Drug Class	Effect on Joenja	Recommendation
Strong CYP3A4 Inhibitors	Increased exposure (2-fold)	Avoid concomitant use
Strong and Moderate CYP3A4 Inducers	Reduced exposure and efficacy	Avoid concomitant use
CYP1A2 Metabolized Drugs with a Narrow Therapeutic Index	Leniolisib inhibits CYP1A2	Avoid concomitant use with drugs that have a narrow therapeutic index
BCRP, OATP1B1, and OATP1B3 Substrates	Leniolisib inhibits BCRP, OATP1B1, and OATP1B3	Avoid concomitant use with drugs that are BCRP, OATP1B1, and OATP1B3 substrates

Use in Specific population:

Patient Population	Risks and Recommendation
Pregnancy	JOENJA can cause fetal harm.
Pregnancy	Avoid in pregnant women.
Lactation	Data is limited.
Lactation	Avoid breastfeeding during the treatment and for 1 week after the last dose.
Females and Males of Reproductive Potential	JOENJA is toxic for the fetus. Test for pregnancy before starting the treatment.
Females and Males of Reproductive Potential	Recommend an effective form of contraception during the treatment and one week after the last dose.
Pediatric Use	It is safe in children aged 12 years and older.
Pediatric Use	There are no dose recommendations in children younger than 12 years and those weighing less than 45 kg.
Geriatric Use	Not studied in patients older than 65 years of age.
Hepatic Impairment	Avoid in patients with moderate to severe hepatic impairment.

Mechanism of action of Leniolisib:

Leniolisib inhibits PI3K-delta by blocking its active binding site. Leniolisib is selective for PI3K-delta over other PI3K isoforms such as PI3K-alpha (28-fold), PI3K-beta (43-fold), and PI3K-gamma (257-fold), as well as the broader kinome, in cell-free isolated enzyme assays.

In cell-based assays, Leniolisib reduces the activity of the pAKT pathway and inhibits the proliferation and activation of B and T cell subsets.

Hyperactivity of PI3K-delta can be caused by gain-of-function variants in the gene encoding the p110-delta catalytic subunit or loss of function variants in the gene encoding the p85-alpha regulatory subunit.

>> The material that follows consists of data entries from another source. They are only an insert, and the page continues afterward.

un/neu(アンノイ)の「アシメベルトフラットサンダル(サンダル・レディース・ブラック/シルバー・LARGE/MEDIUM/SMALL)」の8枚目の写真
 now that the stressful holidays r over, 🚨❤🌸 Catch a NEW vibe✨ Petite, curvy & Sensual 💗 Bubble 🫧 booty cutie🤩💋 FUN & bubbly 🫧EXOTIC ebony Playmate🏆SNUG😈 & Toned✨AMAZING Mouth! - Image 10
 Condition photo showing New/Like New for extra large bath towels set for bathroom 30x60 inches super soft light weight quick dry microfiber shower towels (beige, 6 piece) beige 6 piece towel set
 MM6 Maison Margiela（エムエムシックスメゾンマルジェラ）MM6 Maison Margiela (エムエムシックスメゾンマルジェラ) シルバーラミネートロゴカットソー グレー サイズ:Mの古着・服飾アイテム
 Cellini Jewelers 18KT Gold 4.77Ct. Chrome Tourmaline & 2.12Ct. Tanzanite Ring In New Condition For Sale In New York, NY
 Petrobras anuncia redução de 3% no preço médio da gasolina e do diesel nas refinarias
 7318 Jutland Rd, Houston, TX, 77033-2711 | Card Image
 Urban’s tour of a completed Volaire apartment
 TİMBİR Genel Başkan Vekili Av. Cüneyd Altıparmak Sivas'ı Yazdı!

By inhibiting the signaling pathways that lead to increased production of PIP3, hyperactivity of the downstream mTOR/AKT pathway, and dysregulation of B and T cells, leniolisib exerts its pharmacological effects.

Pharmacodynamics:

Property	Description
Absorption	Tmax is 1-hour post-dose and not affected by dose or food intake.
Distribution	Bi-exponential decay, indicating distribution delay towards peripheral tissues. Highly bound (94.5%) to plasma proteins.
Elimination	Feces: 67.0% Urin: 25.5%
Metabolism	60% metabolized by the liver, with CYP3A4 being the predominant enzyme involved (94.5%) in the primary oxidative metabolism. Minor contribution from other enzymes (3.5% CYP3A5, 0.7% CYP1A2, and 0.4% CYP2D6). Intestinal secretion by BCRP and extrahepatic CYP1A1 cannot be excluded as excretion routes.